Investing in the stock market is a way to grow wealth in the long run. For many people buying and selling shares is seen as a high risk decision, but when done properly can bring high returns.
What are they?
A share is simply a portion of a company. For example if a company is worth 10 million and there are 5 million shares, each share is worth £2. These can rise and fall depending on the success of the business. Companies offer shares to raise money and in return the share price can go up if the company is successful or dividends can be paid out to the share holders.
Dividends are payments from the company’s profits to the shareholders. However profitable companies don’t need to pay out dividends and may decide to keep the money within the company.
Dividends are paid out twice a year and the shareholders can decide to take the money or to buy more shares in the company.
How can you invest?
There are two main options when buying shares; buying shares yourself or pooling your money with other people, which is known as an investment fund.
Buying individual shares in a company yourself generally involves a lot of work and research and is certainly not the quick and easy way. You can purchase shares directly through contacting the company, a platform or through a stockbroker, although this is not an activity all financial advisers would engage in. Buying shares yourself usually means only investing in a small number of companies. This is a high risk strategy as having only a few companies in your portfolio does not spread the risk. An alternative is to invest into a fund where your money is pooled with others and invested in a variety of companies and sectors, allowing you to choose the amount of risk you are willing to take. These funds can either be actively managed by a fund manger, at a high cost, or passively in tracker funds that follow a market index.

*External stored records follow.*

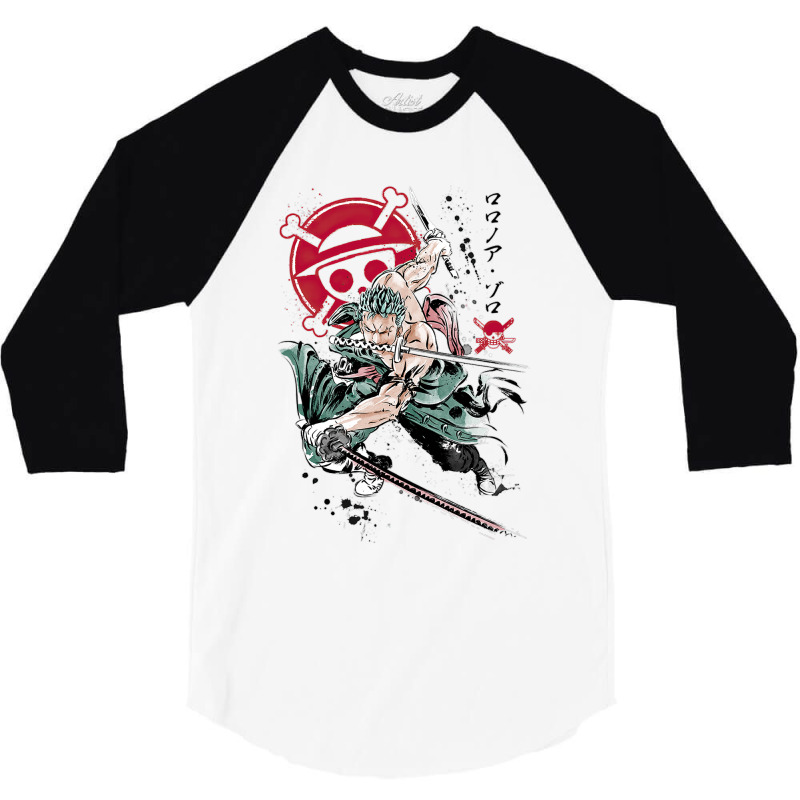 One Piece   Roronoa 3/4 Sleeve Shirt | Artistshot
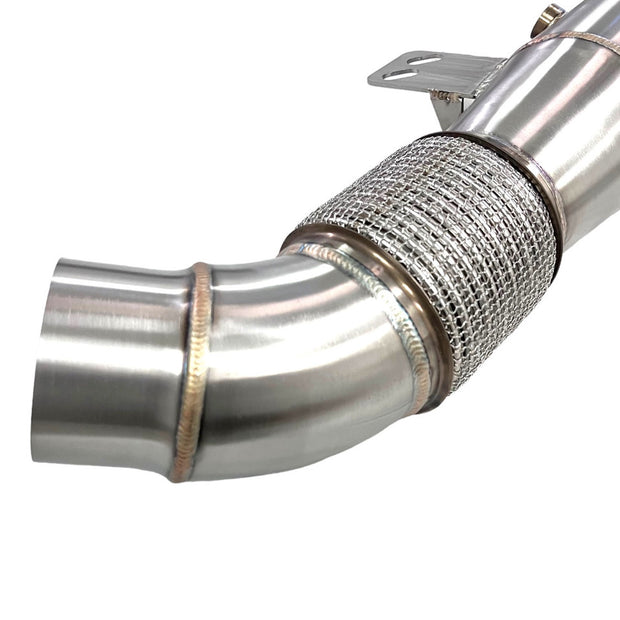MAD B58 V2 4.5" Downpipe W/ Bracket BMW F, G Chassis & Supra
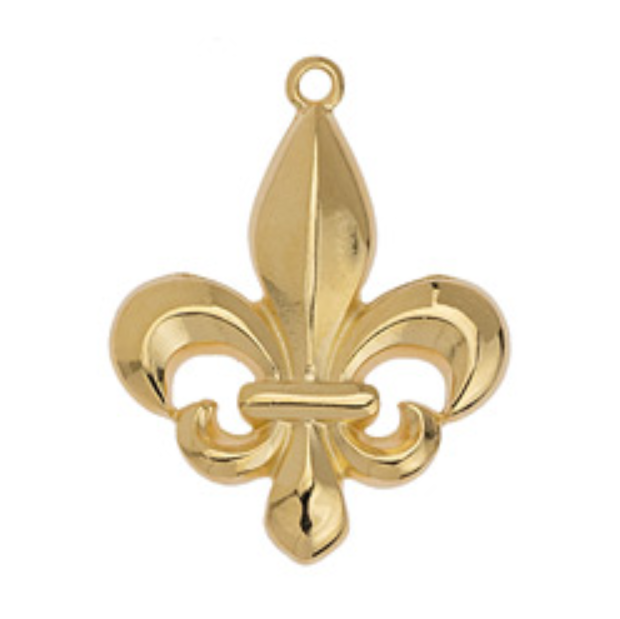 Μοτίφ Fleur de lis κρεμαστό σε συσκευασία 12 τεμαχίων - So Cute Cut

Investing in Shares – The Pros
There are some real benefits of using your spare cash to invest in stocks and shares, one of which is that you don’t need a lot of money to start seeing returns and that you can invest as and when you have spare money available. The biggest advantage is the potential growth that can be made from investments, with the average growth to be seen at 7%, compared to the interest rate of 0.5-1.5% on bank accounts. Another benefit is the use of tax wrappers such as stocks and shares ISA’s, which allow interest to accumulate tax free.

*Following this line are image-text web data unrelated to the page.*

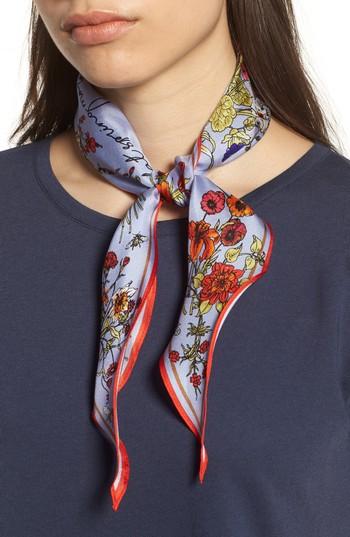 Women's Vince Camuto You're The Bee's Knees Kite Silk Scarf, Size - Blue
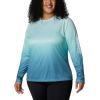 imageColumbia Womens Super Tidal Tee Long SleeveCanyon Blue Gradient Scalefade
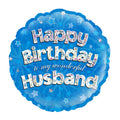 Happy Birthday Husband 18-inch helium balloon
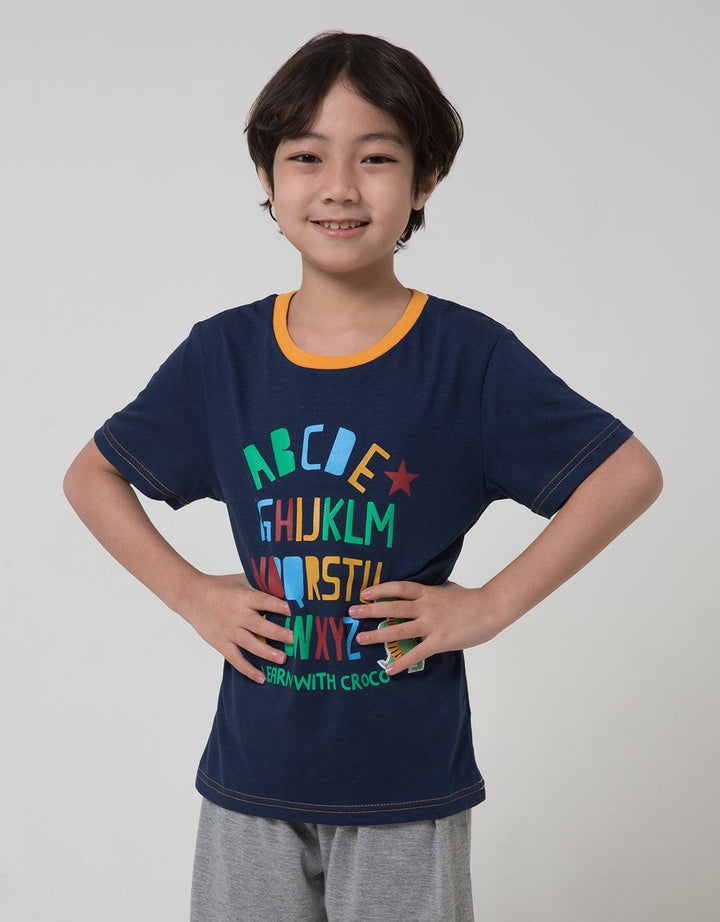 Little M Learn Croco Kaos Anak Laki-laki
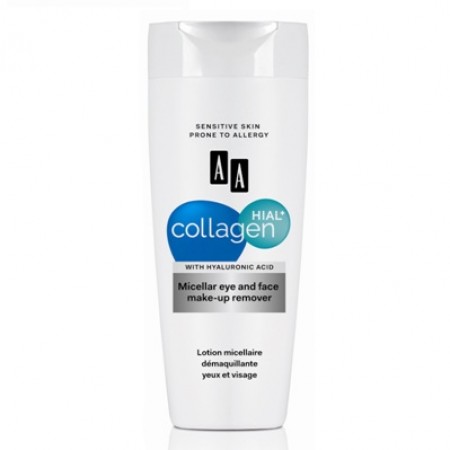 AA Collagen Hial+ Мицеллярная  жидкость для снятия макияжа с глаз и лица
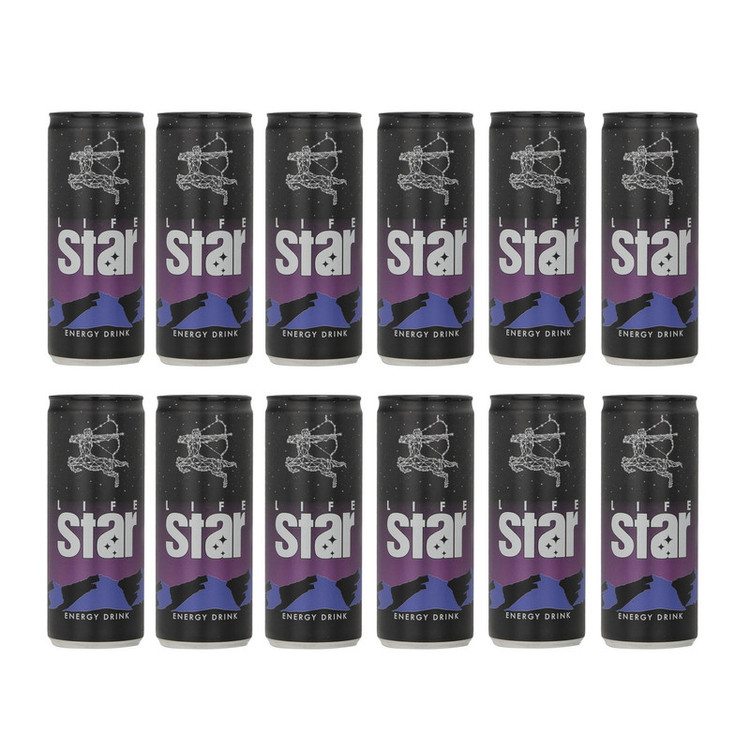 نوشابه انرژی زا لایف استار - 250 میلی لیتر بسته 12 عددی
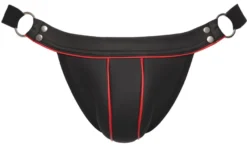 Svenjoyment - Herren Jock-Strap aus weichen dehnbarem Material in Neopren-Optik
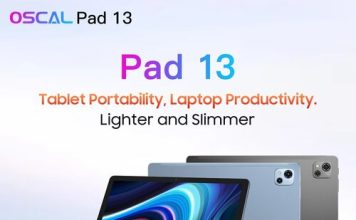 Oscal Pad 13 – pregatit de lansare cu specificatii impresionante Oscal Pad 13 - pregatit de lansare cu specificatii impresionante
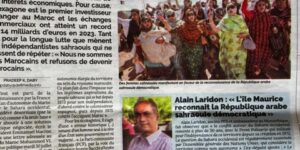جريدة موريسية تسلط الضوء على التحول في الموقف الفرنسي ومخالفته للشرعية الدولية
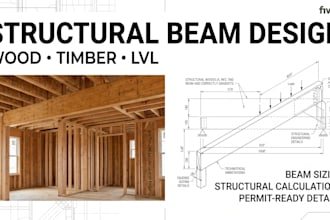 do structural beam design, wood beam design, timber beam design and calculations
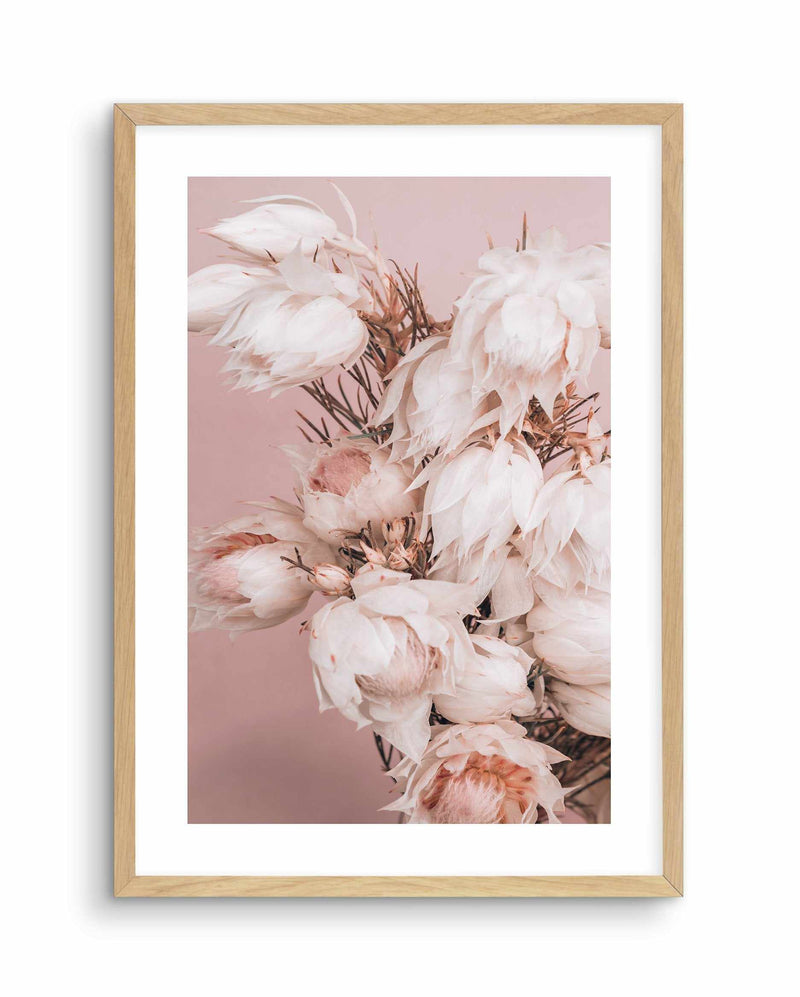 Blushing Bride I Art Print-PRINT-Olive et Oriel-Olive et Oriel-A5 | 5.8" x 8.3" | 14.8 x 21cm-Oak-With White Border-Buy-Australian-Art-Prints-Online-with-Olive-et-Oriel-Your-Artwork-Specialists-Austrailia-Decorate-With-Coastal-Photo-Wall-Art-Prints-From-Our-Beach-House-Artwork-Collection-Fine-Poster-and-Framed-Artwork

Investing in Shares – The Cons
Of course as with everything there are always some drawbacks. With stocks and shares the main issue is volatility, with markets going up and down significantly. This means that over a short period you could quite easily loose money. For this reason it is important to diversify your portfolio to spread the risk. Another issue is the numerous scams linked to buying stocks and shares so it is important to use a platform that is well known and regulated.

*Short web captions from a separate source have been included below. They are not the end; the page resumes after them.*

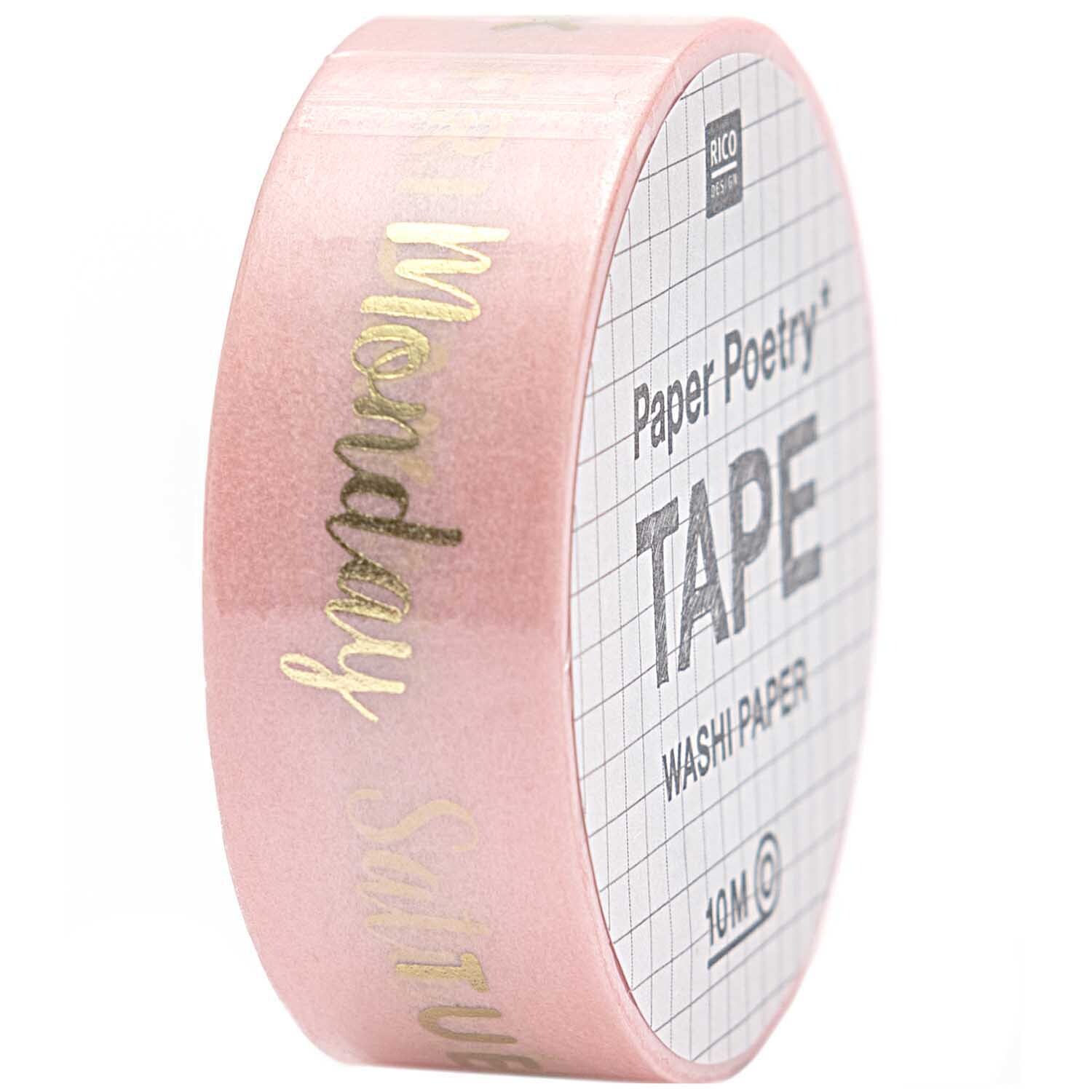 Paper Poetry Tape Wochentage 1,5cm 10m von Rico Design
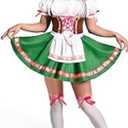 Spooktacular Creations Women Oktoberfest Dress, Halloween Oktoberfest Costume for Halloween Dress up Party and Beer Festival, S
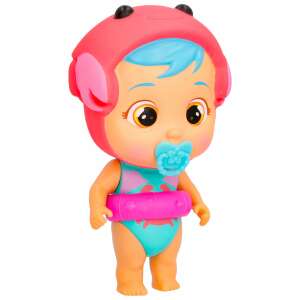 Cry Babies Magic Tears Beach Babies Colin baba rák sapkában és fürdőruhában, cumit és úszógumit tart - IMC Toys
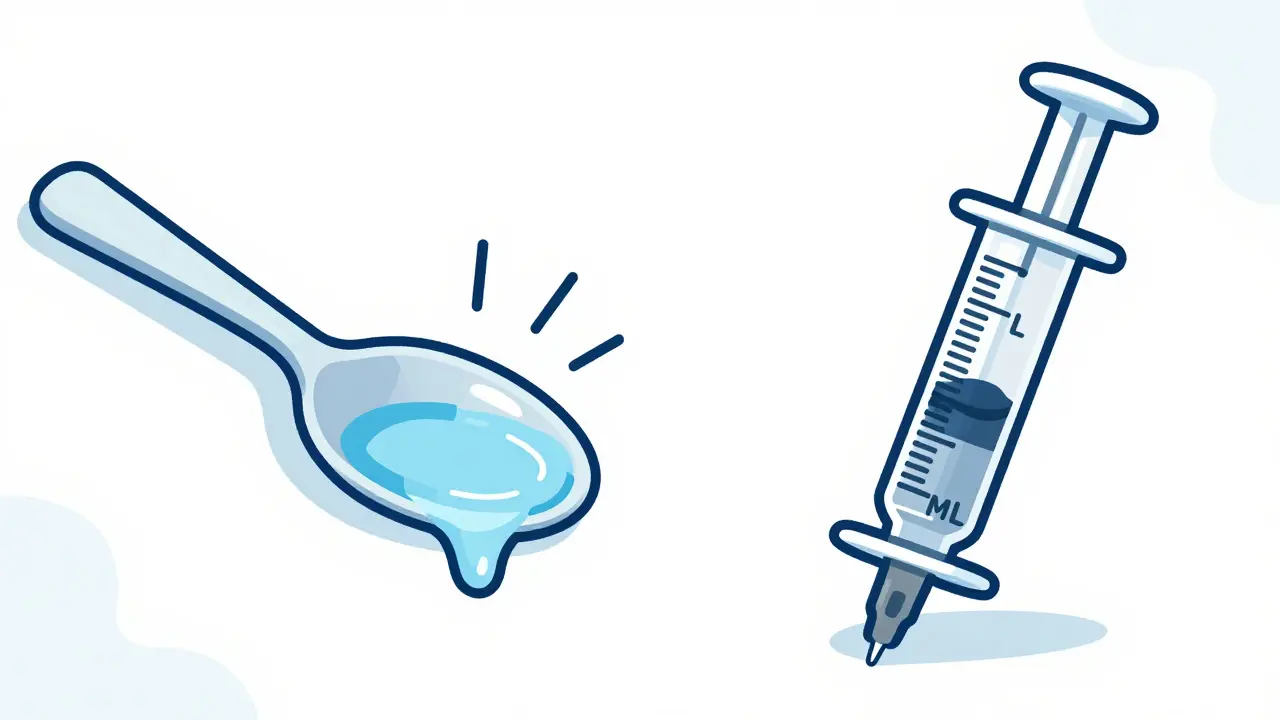 Comparison of kitchen spoon vs medical syringe for dosing accuracy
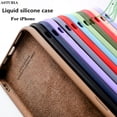 thumbnail image 2 of Funda Cuadrada De Silicona Líquida Para IPhone 11 12 13 Pro Max 7 8 Plus SE 2020, 2 of 4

Investing in Shares – Fees
One of the main things that can eat away at your profits is fees and it is important to take into consideration what the charges are before buying and selling shares.
Account fees: Platforms may charge a monthly, quarterly or annual account fee for the use of their platform to buy and sell shares.
Buying and selling: To buy and sell shares there is always a fee and this can vary significantly between different platforms, but for regular traders there can be a discount.
Stamp duty: When purchasing shares in the UK a 0.5% charge is added and an extra £1 added for every transaction above £10,000.
Inactivity fee: If you become inactive for a set amount of time you may well be charged a fee, however many of the platforms no longer charge this to attract new investors.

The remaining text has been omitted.